◆ Data excerpt
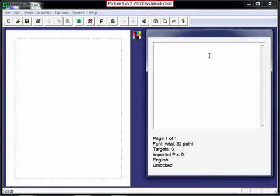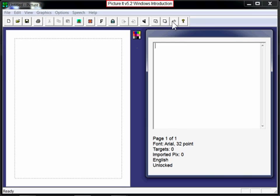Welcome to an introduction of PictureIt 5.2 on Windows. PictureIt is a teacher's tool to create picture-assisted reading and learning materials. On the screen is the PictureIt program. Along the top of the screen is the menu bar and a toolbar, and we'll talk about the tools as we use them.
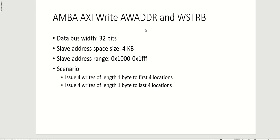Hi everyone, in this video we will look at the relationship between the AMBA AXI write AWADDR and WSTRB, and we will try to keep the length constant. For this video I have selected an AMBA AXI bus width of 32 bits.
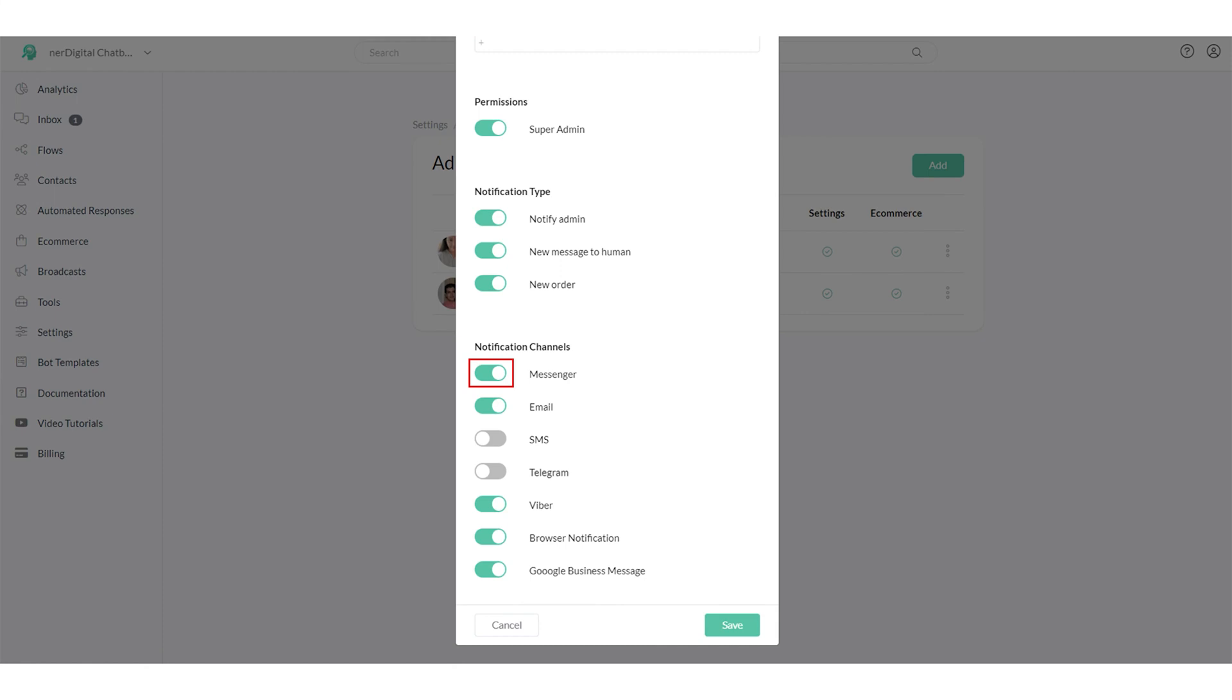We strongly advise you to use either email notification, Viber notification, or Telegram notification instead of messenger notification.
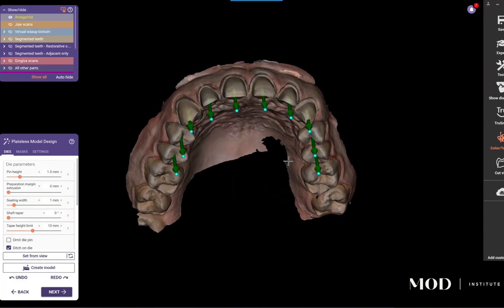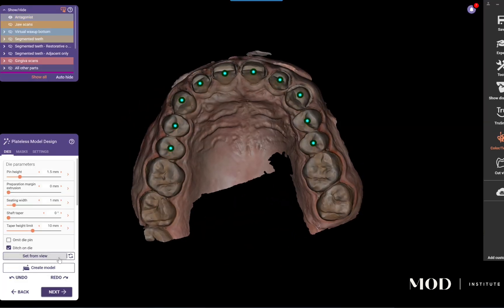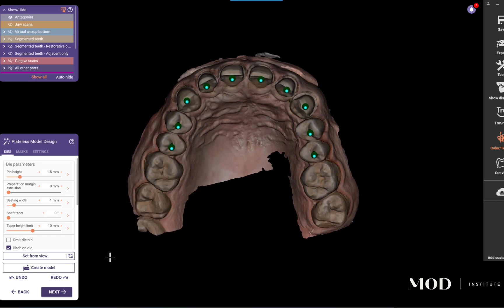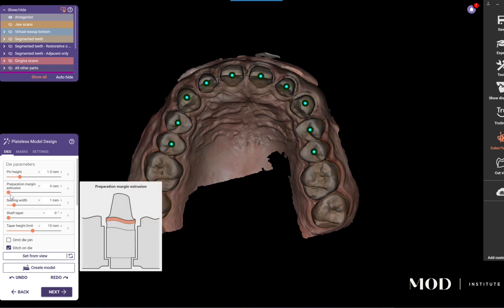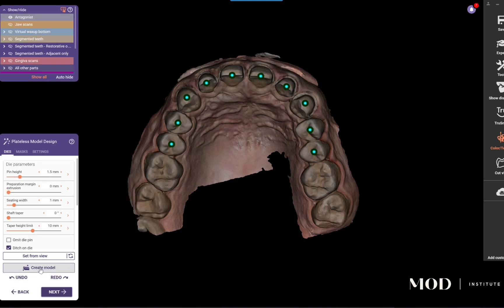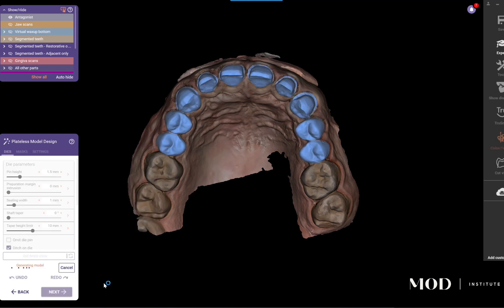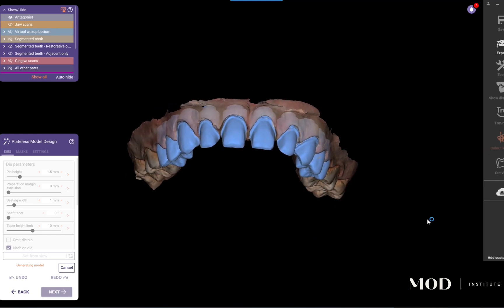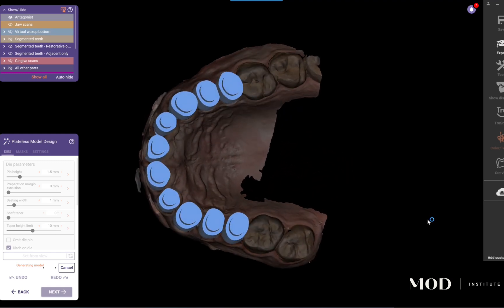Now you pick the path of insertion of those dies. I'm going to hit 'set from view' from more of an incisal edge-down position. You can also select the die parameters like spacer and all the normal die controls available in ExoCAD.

◆ Problem to solve
Please transcribe the listing above verbatim and exclude every picture.

◆ Written answer
Welcome to an introduction of PictureIt 5.2 on Windows. PictureIt is a teacher's tool to create picture-assisted reading and learning materials. On the screen is the PictureIt program. Along the top of the screen is the menu bar and a toolbar, and we'll talk about the tools as we use them.
Hi everyone, in this video we will look at the relationship between the AMBA AXI write AWADDR and WSTRB, and we will try to keep the length constant. For this video I have selected an AMBA AXI bus width of 32 bits.
We strongly advise you to use either email notification, Viber notification, or Telegram notification instead of messenger notification.
Now you pick the path of insertion of those dies. I'm going to hit 'set from view' from more of an incisal edge-down position. You can also select the die parameters like spacer and all the normal die controls available in ExoCAD.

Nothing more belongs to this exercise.